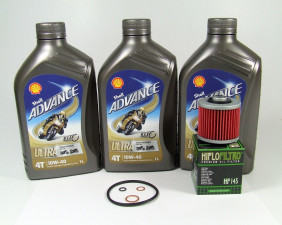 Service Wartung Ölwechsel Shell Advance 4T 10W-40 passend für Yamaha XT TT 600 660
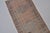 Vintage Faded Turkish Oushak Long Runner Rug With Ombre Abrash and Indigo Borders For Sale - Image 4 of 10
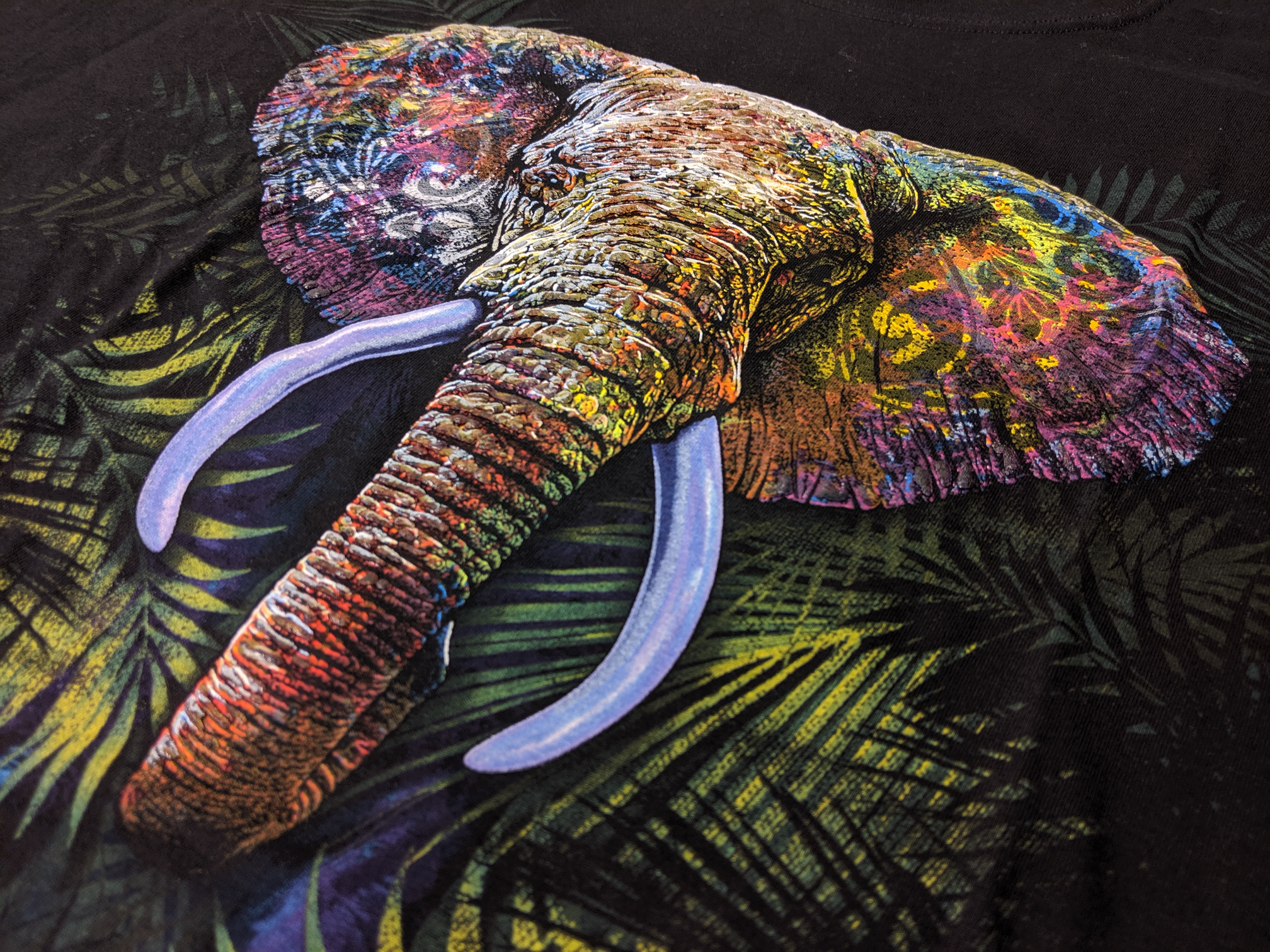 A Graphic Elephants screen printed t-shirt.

--

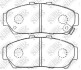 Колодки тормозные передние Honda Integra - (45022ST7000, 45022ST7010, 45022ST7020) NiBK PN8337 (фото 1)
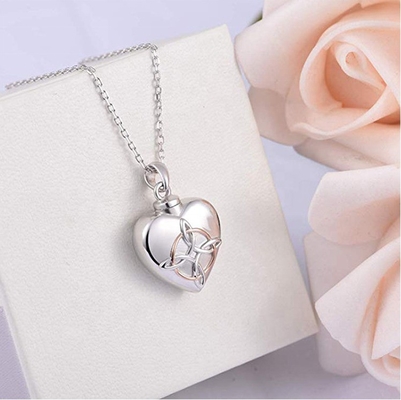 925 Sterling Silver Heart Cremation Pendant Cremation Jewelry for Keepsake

§ **What this task involves**: The material above holds pictures; leave them out and set down exactly the lines from the line with "Service Wartung Ölwechsel" to the line with "A Graphic Elephants screen printed t-shirt.", both included.

§ **Completed task**:
 Service Wartung Ölwechsel Shell Advance 4T 10W-40 passend für Yamaha XT TT 600 660
 Vintage Faded Turkish Oushak Long Runner Rug With Ombre Abrash and Indigo Borders For Sale - Image 4 of 10
 A Graphic Elephants screen printed t-shirt.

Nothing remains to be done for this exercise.